All of this talk is nice, and all, but how about some pictures? This gallery is a mix of the intimate, up-close-and-personal world of dirt track sprint car racing, and the flashy, high-speed universe that Formula One cars populate. There are also a few other random racing photos that I figured you’d like to see, to complete your experience. Enjoy.

Eldora Speedway – Rossburg, OH


Eldora Speedway – Rossburg, OH, originally uploaded by capwell.

For the last three years, my father (who lives in Bethlehem) and yours truly (who does not) have met up in a field just north of Rossburg, Ohio for the 4 Crown Nationals, a weekend of dirt track racing held annually each fall at the short track of all short tracks, Eldora Speedway.

My father and I have shared racing the way most stereotypical dads and their sons might share fishing, or going to baseball games (though we have done plenty of that, almost exclusively at Shea Stadium, may it rest in peace). Every year from when I was nine to when I was twenty-three, we’d drive to Montreal for the Formula One race held there each June (or, Juin, if you want to be all French about it). This was something of an excuse to walk around the coolest city in the world, buy a lot of CDs with the incredibly weak (at the time) Canadian dollar, eat multiple meals at Ben’s (another place that has since been torn down and relegated only to the memories of my ever-crystalizing “youth”) and hang out with each other. Though, some of the greatest moments of my racing-loving life have happened in the hairpin of Circuit de Gilles Villeneuve, in particular Nigel Mansell’s final-lap breakdown and my hero, Nelson Piquet, taking the improbable/hilariously awesome victory in 1991 (this is seriously one of the top five moments of my entire life, I thought my head was going to explode I was so excited. And to see it in person – amazing!). You don’t realize things at the time very often, but looking back, those are some of the best days of my childhood – I can look back on these weekends, once a year right after school let out, and chart the course of my adolescence, for both better and worse. That’s a very specific window to have into your life as a youngster, and one that I’m more grateful to have as I get older. Though of course, at the time, nothing makes you feel like more of a grown-up than swearing without worrying about getting in trouble, staying up late and watching foreign-language television, and always being able to order dessert, no matter what the meal. Funny what sticks out to you when you’re a kid.

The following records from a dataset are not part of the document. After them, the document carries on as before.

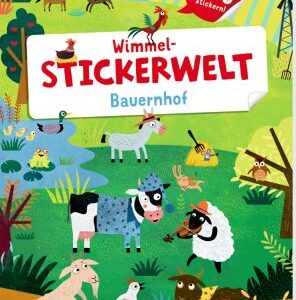 Wimmel-Stickerwelt: Bauernhof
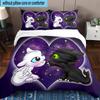 3PCS Dragon's Glimmering Fish 3pcs Bedding,Including 3PCS Duvet Cover And 2pcs Pillowcases Perfect for Christmas,Ideal for Bedroom, Dormitory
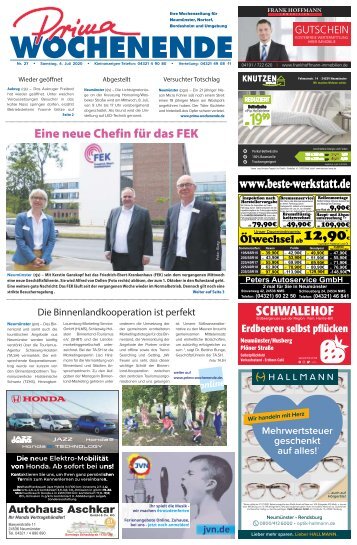 Prima Wochenende 27 2020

But at the center of this was always the fact that we both really, really love auto racing. My dad was brought up with Wide World of Sports, watching black-and-white footage of his heroes driving on tracks all over Europe, seeing tape-delayed Indy 500s, watching Daytona when it was still run on the beach, that sort of thing. And because of this, I was brought up watching live broadcasts on ESPN of F1 races, back when the WWL was half-financial news, and if you woke up early enough (a live afternoon race in western Europe means seven or eight AM here – ask anyone I’ve ever forced to watch one of these races with me, they can tell you), you could see them switch from stock reports to Bob Varsha’s lead-in for some race in an obscure locale that you knew you’d be the only one able to identify on a map at school on Monday. Seriously, who else in a fourth grade classroom can tell you where Spa-Fancorchamps is, but the one goofy racing fan?

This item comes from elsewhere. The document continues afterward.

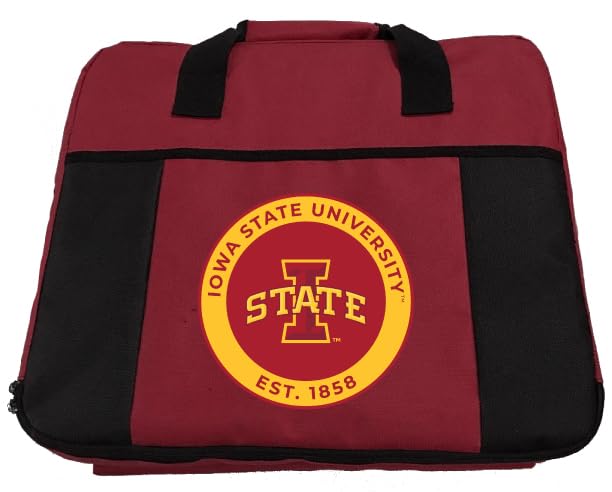 R and R Imports Iowa State Cyclones Seat Cushion Officially Licensed Collegiate Product Maroon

And so this shared love affair/obsession continues today. Every year since I’ve moved to Indiana, I’ve gone to the 500, and almost every year, my dad has come out for it, too. In ’06, he came out for the two-night doubleheader at Terre Haute (best two sprint car races I’ve ever seen, with Daron Clayton taking both feature wins in heroic, albeit insane fashion), and now, since 2007, we’ve met up in Ohio for the 4 Crown. Two nights of camping, getting filthy dirty, and spending time doing nothing but talking about the things we love, it’s something I look forward to unlike most anything else in my year. Plus, the racing isn’t bad at all.